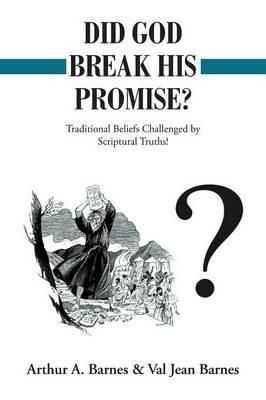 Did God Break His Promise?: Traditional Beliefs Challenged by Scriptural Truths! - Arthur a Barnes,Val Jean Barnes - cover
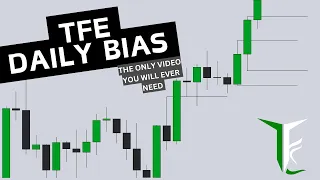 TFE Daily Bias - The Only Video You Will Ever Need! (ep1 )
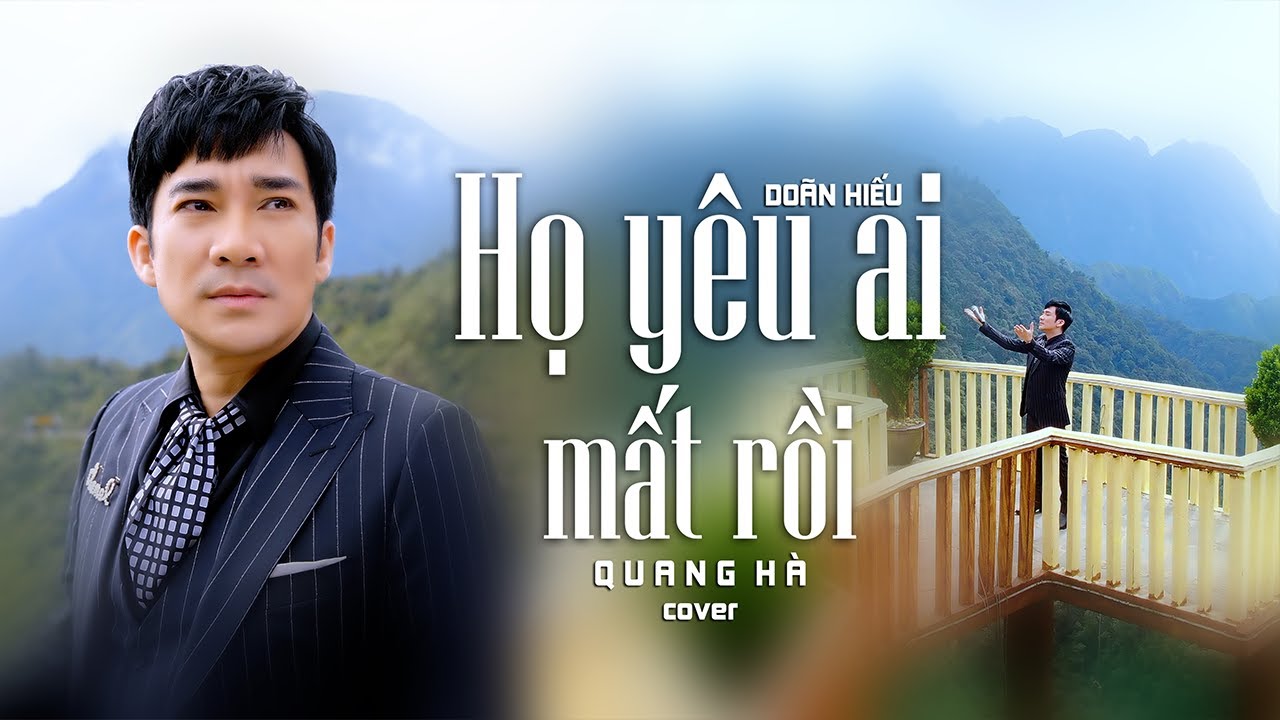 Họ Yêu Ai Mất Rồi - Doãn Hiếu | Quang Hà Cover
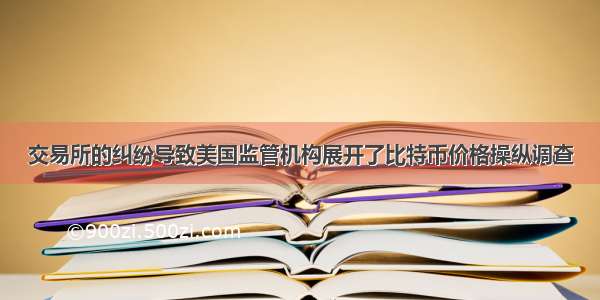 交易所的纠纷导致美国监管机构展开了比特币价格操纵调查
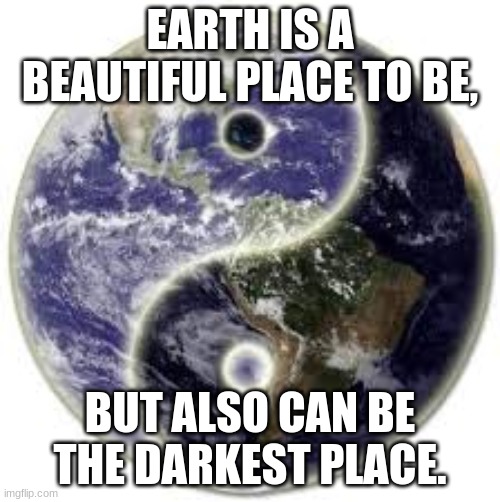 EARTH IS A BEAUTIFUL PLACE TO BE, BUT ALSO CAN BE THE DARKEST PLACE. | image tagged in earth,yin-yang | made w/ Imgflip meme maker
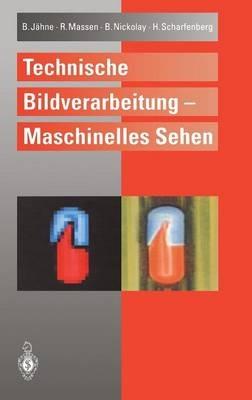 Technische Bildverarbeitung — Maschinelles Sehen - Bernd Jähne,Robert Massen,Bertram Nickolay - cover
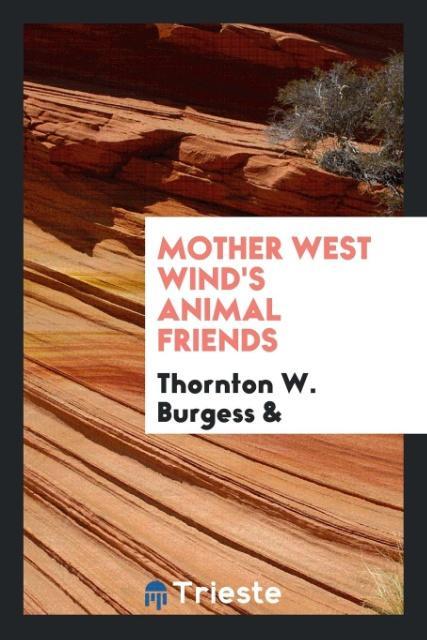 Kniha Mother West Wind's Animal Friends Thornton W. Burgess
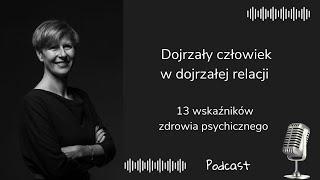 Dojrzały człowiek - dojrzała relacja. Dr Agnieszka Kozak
++++++
→ **Task**:
Retype exactly. Include each line from the start of the material through the line holding "EARTH IS A BEAUTIFUL", and leave the pictures out.

→ **Result for this task**:
 Did God Break His Promise?: Traditional Beliefs Challenged by Scriptural Truths! - Arthur a Barnes,Val Jean Barnes - cover
 TFE Daily Bias - The Only Video You Will Ever Need! (ep1 )
 Họ Yêu Ai Mất Rồi - Doãn Hiếu | Quang Hà Cover
 交易所的纠纷导致美国监管机构展开了比特币价格操纵调查
 EARTH IS A BEAUTIFUL PLACE TO BE, BUT ALSO CAN BE THE DARKEST PLACE. | image tagged in earth,yin-yang | made w/ Imgflip meme maker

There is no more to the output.